基于斜率密度聚类的相似文本标定

通信学报

基于斜率密度聚类的相似文本标定

邹杜1，唐文军1，龙卫江2，张凌3

1. 华南理工大学信息网络工程研究中心，广东广州 510640； 2. 华南理工大学理学院，广东广州 510640；3. 华南理工大学计算机学院，广东广州 510640

出版日期:2013-12-25 发布日期:2013-12-17
基金资助:
国家自然科学基金资助项目 (61070092)

Similar text positioning method based on slope-density cluster

Online:2013-12-25 Published:2013-12-17

摘要/Abstract

摘要： 相似文本标定是抄袭检测的一个重要环节，现有标定方法大多采用直接对文本或指纹进行合并的方式，标定精度受干扰信息影响较大。针对这种局限性，分析了匹配指纹对的语义特征，提出基于斜率密度的相似文本聚类方法，将文本匹配合并问题转化成稠密样本点聚类问题，并在PAN公用语料库上对该方法进行了测试，得到的主要指标优于PAN10前3名。目前已将该方法用于华南理工大学特色专业教学平台的作业查抄，取得了较好的效果。
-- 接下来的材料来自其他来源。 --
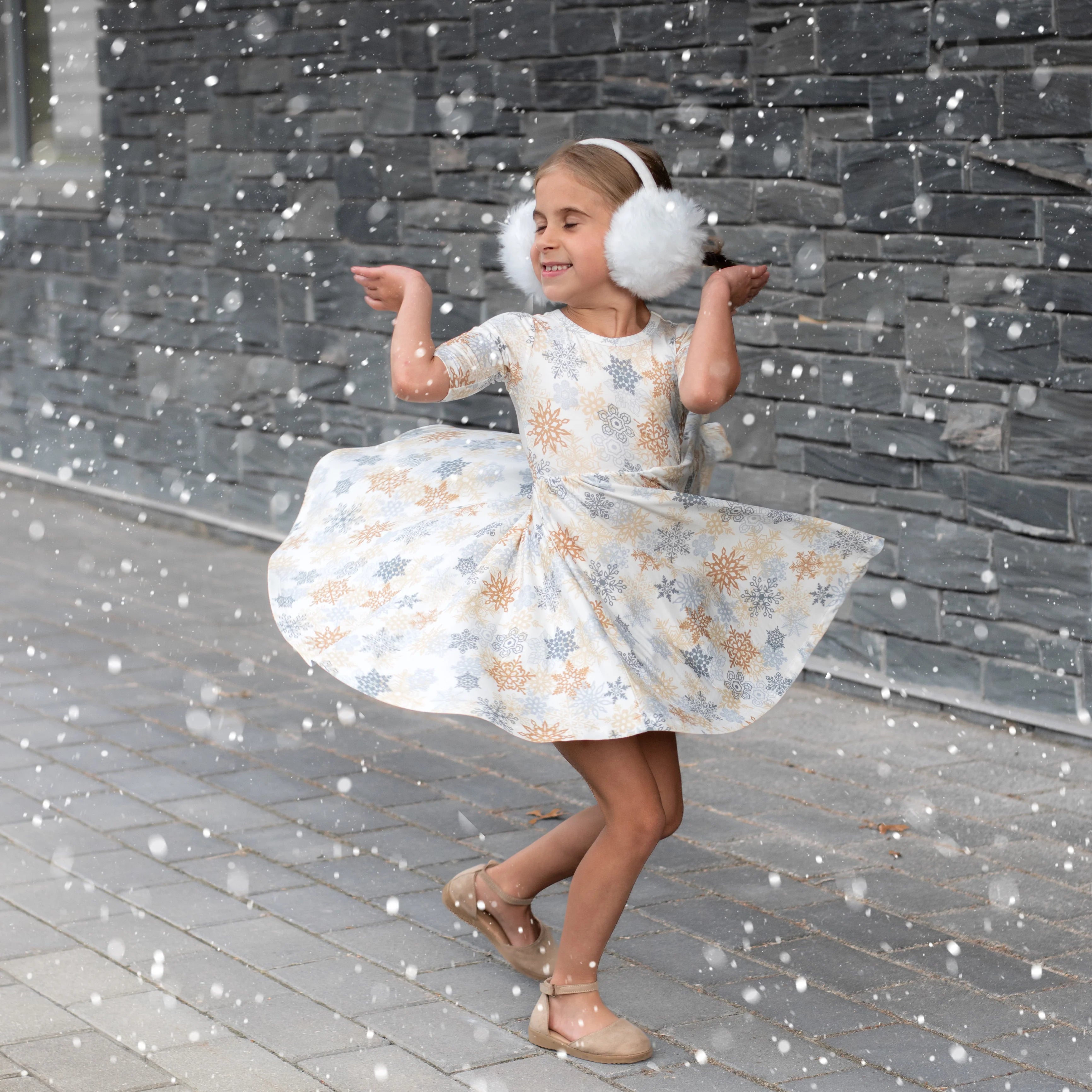 Snowflake-Mid Sleeve Twirl Dress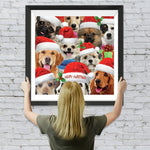 Hunde mit Weihnachtsmützen Diamond Painting
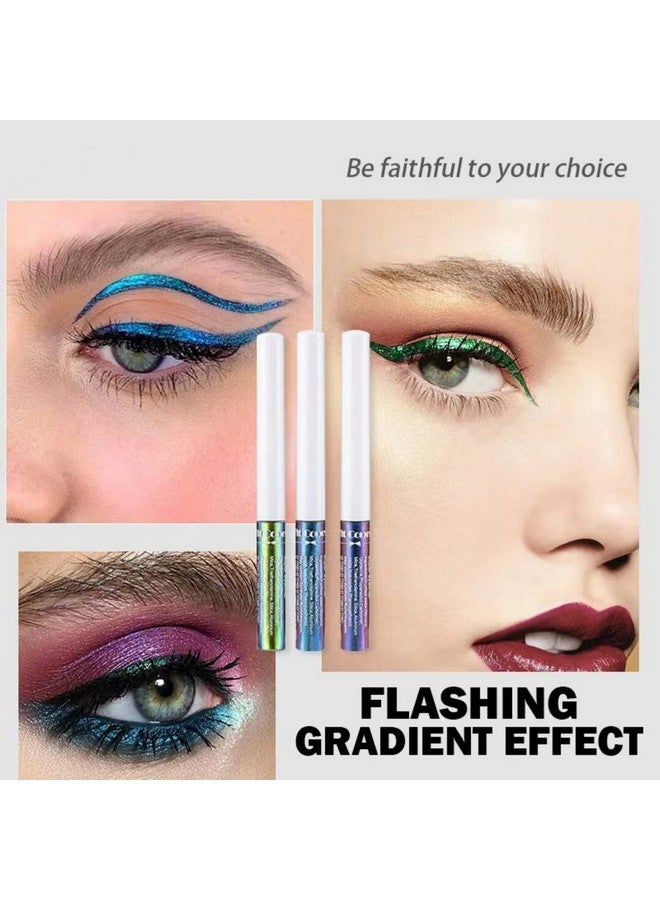Corleone Glitter Liquid Eyeliner, Metallic Change Color Rainbow Eyeliner Gel Multicolor Highly Pigmented Waterproof Longerlasting Colorful Eye Liner Gift Kit For Women And Girls - Image 3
Abstract: Similar text positioning is an important part of plagiarism detection. The existing positioning method directly merges text or fingerprint to obtain similar text. Due to the disturb information in the similar text, the positioning accuracy is poor. The semantic features of the match fingerprints were analyzed, and a cluster method based on slope density for similar text positioning was proposed, which converts the text merge problem into dense sample points clustering problem, and improves the efficiency and accuracy of the positioning. Through the experiment on the PAN public corpus, the result shows it performs better than the PAN10 top three. This method has been used in the South China University of Technology 's feature professional teaching platform to detect the plagiarism of homework.

邹杜1，唐文军1，龙卫江2，张凌3. 基于斜率密度聚类的相似文本标定[J]. 通信学报.